HiFi-GAN: Generative Adversarial Networks for Efficient and High Fidelity Speech Synthesis

MIT License

1.92k stars 506 forks source link

GPU memory allocation #87

Closed rspiewak47 closed 3 years ago

rspiewak47 commented 3 years ago

I'm getting this error on a relatively low-powered system I'm using for testing: RuntimeError: CUDA out of memory. Tried to allocate 20.00 MiB (GPU 0; 4.00 GiB total capacity; 2.80 GiB already allocated; 17.10 MiB free; 2.82 GiB reserved in total by PyTorch) Where can I set this to a lower value for this purpose? Also, if I try to use fine_tuning (using mel .npy files created by fastspeech2 pre-processing) I get errors indicating a tensor dimension mismatch. Are these files incompatible with hifi-gan? Thank you!

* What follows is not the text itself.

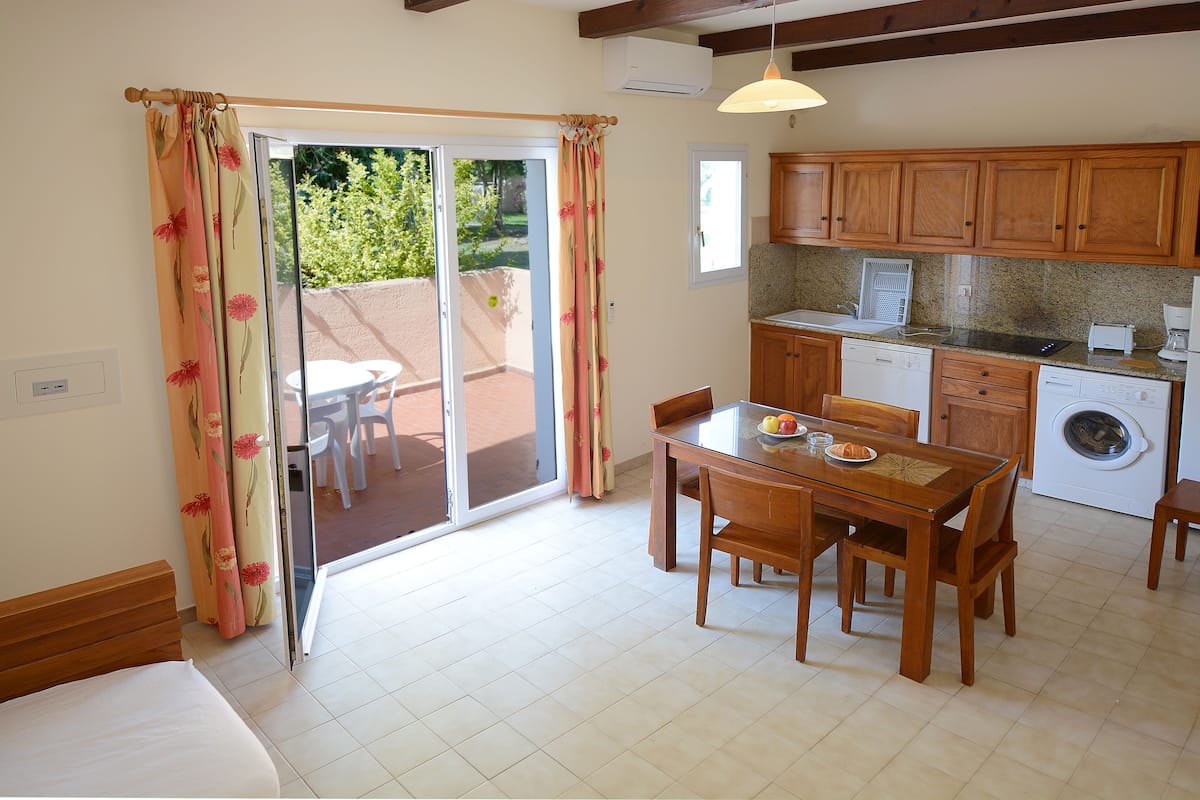 Une pièce comprenant un lit, une table à manger avec des chaises, un coin cuisine avec des meubles en bois, un lave-linge et une porte-fenêtre coulissante donnant sur un espace extérieur.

Miralan commented 3 years ago

I'm getting this error on a relatively low-powered system I'm using for testing: RuntimeError: CUDA out of memory. Tried to allocate 20.00 MiB (GPU 0; 4.00 GiB total capacity; 2.80 GiB already allocated; 17.10 MiB free; 2.82 GiB reserved in total by PyTorch) Where can I set this to a lower value for this purpose? Also, if I try to use fine_tuning (using mel .npy files created by fastspeech2 pre-processing) I get errors indicating a tensor dimension mismatch. Are these files incompatible with hifi-gan? Thank you!

batch_size or segment length. I prefer to recommand reducing the batch_size.

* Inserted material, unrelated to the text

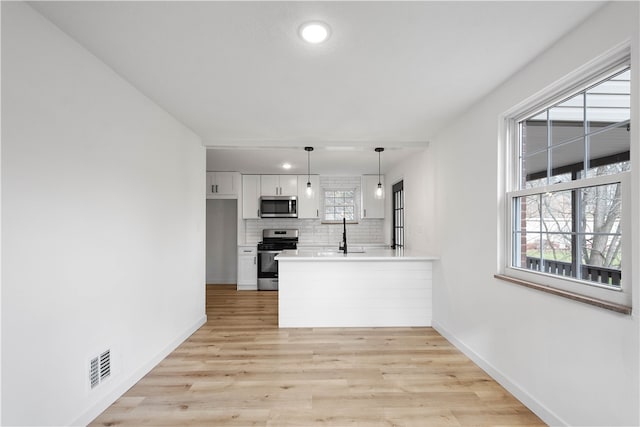 kitchen with white cabinetry, stainless steel appliances, tasteful backsplash, light hardwood / wood-style flooring, and pendant lighting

rspiewak47 commented 3 years ago

Thanks! I reduced batch_size to 4, wasn't enough. Also reduced segment_size to 4096, that seems to have done it. Thanks!

rspiewak47 commented 3 years ago

Well, this only worked for a small train.txt file. Once I tried using the target dataset (500K plus entries) the memory allocation message came right back. I tried setting the pin_memory parameter in the DataLoader calls to False, but this had no effect. Any more ideas? Thanks! This seems to be sensitive to the size of the training.txt file. I'm running it successfully with 10,000 lines.

rspiewak47 commented 3 years ago

Well, now it's gone back downhill, running out of GPU memory pretty much no matter what.

Miralan commented 3 years ago

try remove non_blocking=True in train.py

rspiewak47 commented 3 years ago

I changed this to False in all locations. Now the error is: CUDA out of memory. Tried to allocate 2.00 MiB (GPU 0; 4.00 GiB total capacity; 2.78 GiB already allocated; 1.10 MiB free; 2.83 GiB reserved in total by PyTorch)

rspiewak47 commented 3 years ago

This appears to be a problem with a limited resource configuration. It's running fine on an Azure VM with a bigger GPU.